Dans sa première partie, Le Nuage pourpre relate une expédition au pôle Nord, déjà affolante pour l'âme du personnage principal, Adam, qui se présente lui-même comme un homme plein de probité mais que sa schizophrénie latente et ses accès de violence décrédibilisent très vite ; le voilà donc lancé, chiens devant le traîneau et lecteur sur le dos, dans une aventure façon Jack London, vers le bout du monde, à la recherche d'une gloire qu'il dit ne pas vouloir. Quand la fin du monde se produit telle qu'elle est annoncée dans le résumé, déjà une centaine de pages ont tourné – peut-être les plus intéressantes du livre. Ensuite s'ouvre le récit du voyage retour vers... le rien, long de « trois ans deux mois et quatorze jours », heureusement construit sur des ellipses et des sommaires parce que l'obsession du nombre exact (« trois mouettes », « cinq cotres », « huit cadavres dont deux Marocains », etc.) alourdit le texte, très descriptif.

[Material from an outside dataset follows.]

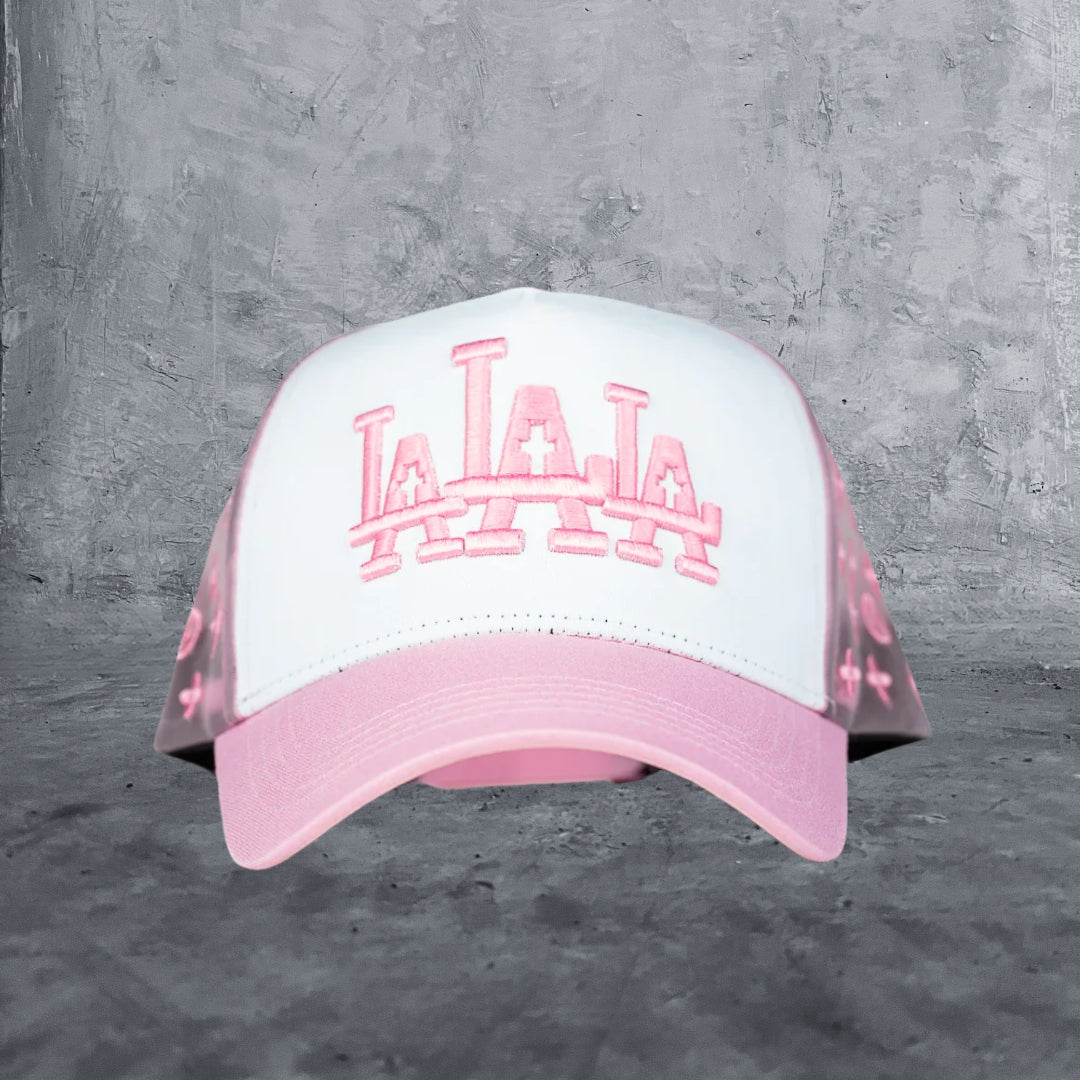 Gorra Rude Awakenings - LALALA PINK monograma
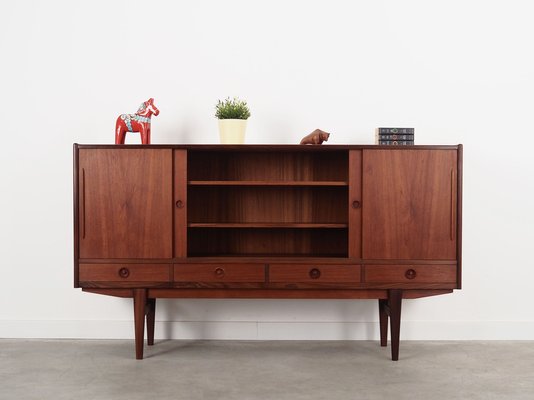 Danish Teak Highboard, 1960s-VND-1306499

D'aventure, il n'y a point vraiment, l'apocalypse ayant anéanti tous les obstacles potentiels qui font le registre dramatique ; c'est l'errance d'Adam sur terre, abandonné à lui-même, rejetant et retrouvant Dieu toutes les cinquante pages, qui prolonge le roman. Faut-il comprendre que l'homme même le plus sceptique se tourne naturellement vers le Créateur quand plus aucune autre créature que lui n'a de prise sur son esprit ? L'apparition de la femme dans la troisième partie du roman sauve le protagoniste (et la race humaine au passage) au lieu de le perdre ; Adam résiste aux pulsions parce qu'il refuse qu'elle devienne Ève : elle ne doit pas fauter une nouvelle fois pour ne pas replonger l'humanité dans la turpitude ; il faut donc préserver son innocence. Hormis cette réécriture intéressante de la Genèse sur la fin, qui interroge finalement et à demi-mot le caractère manipulateur du sexe faible, le roman de Shiel est avant tout un inventaire d'objets et d'individus (morts), un précis quasi scientifique d'un monde bouleversé qui n'enthousiasme guère.